▶ **Given information**:
**********
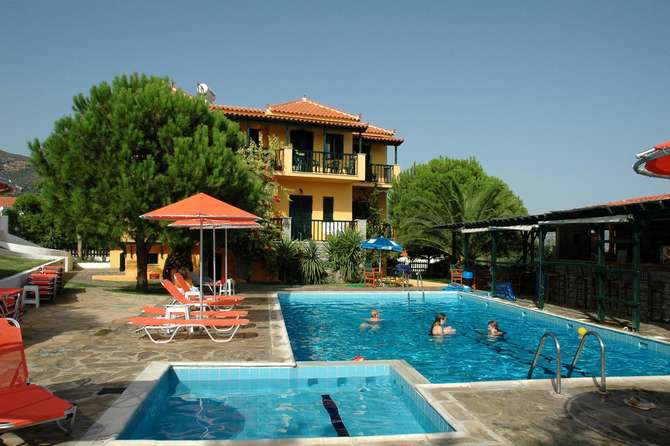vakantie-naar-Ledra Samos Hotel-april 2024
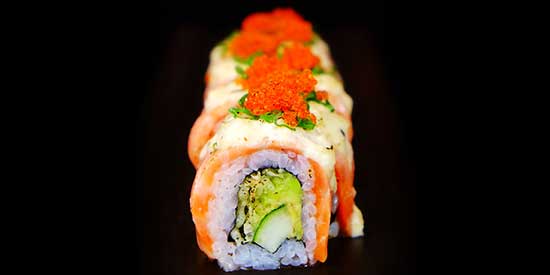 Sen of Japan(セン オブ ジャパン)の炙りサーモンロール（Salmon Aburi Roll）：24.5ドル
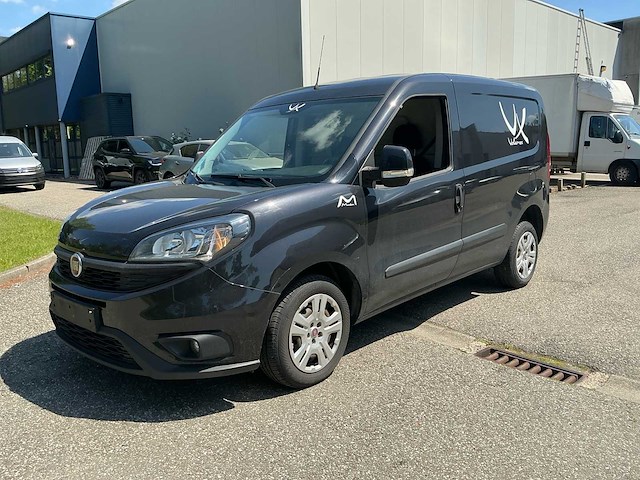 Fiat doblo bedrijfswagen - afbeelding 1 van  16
**********
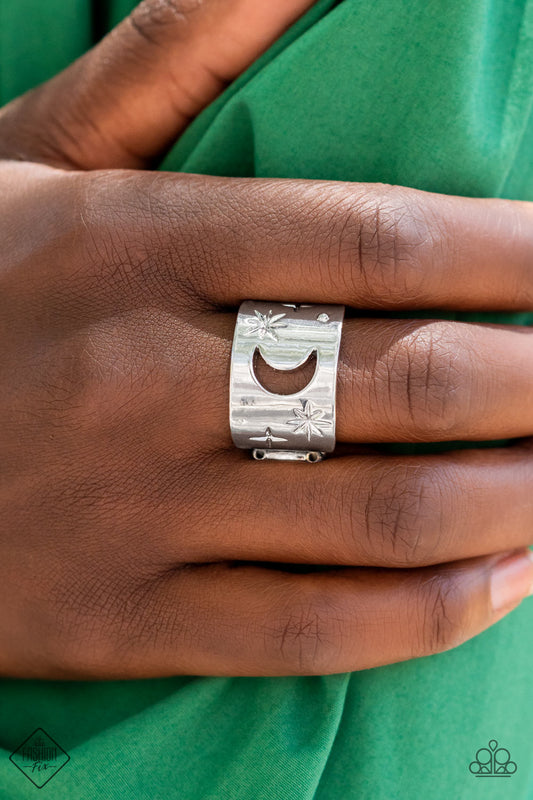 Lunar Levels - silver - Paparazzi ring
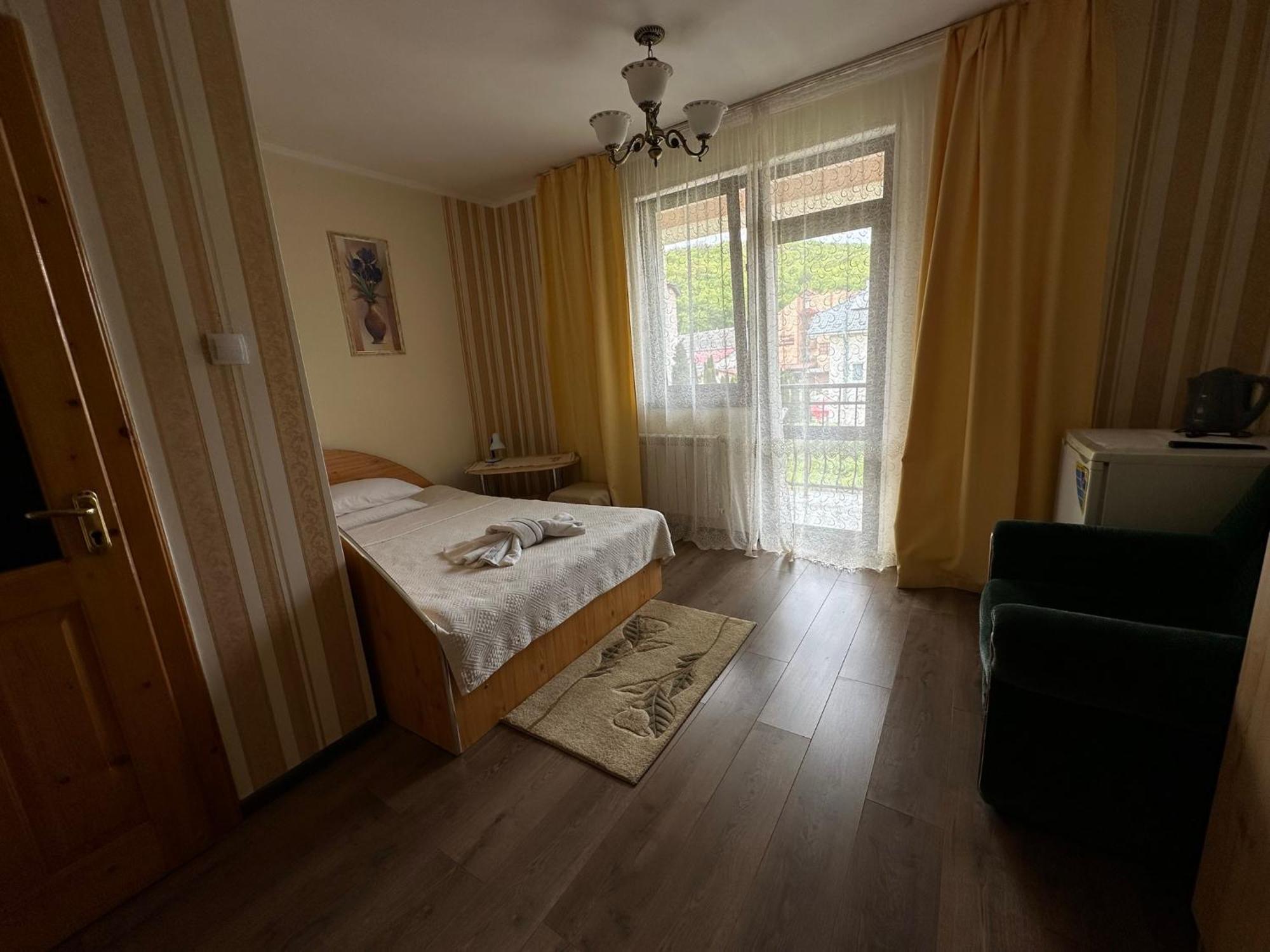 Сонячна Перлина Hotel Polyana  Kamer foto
**********
▶ **Task instructions**:
Set down word for word the lines above from the one with "Sen of Japan(セン" up to and including the one with "Fiat doblo bedrijfswagen". Omit every picture.

▶ **Exercise output**:
 Sen of Japan(セン オブ ジャパン)の炙りサーモンロール（Salmon Aburi Roll）：24.5ドル
 Fiat doblo bedrijfswagen - afbeelding 1 van  16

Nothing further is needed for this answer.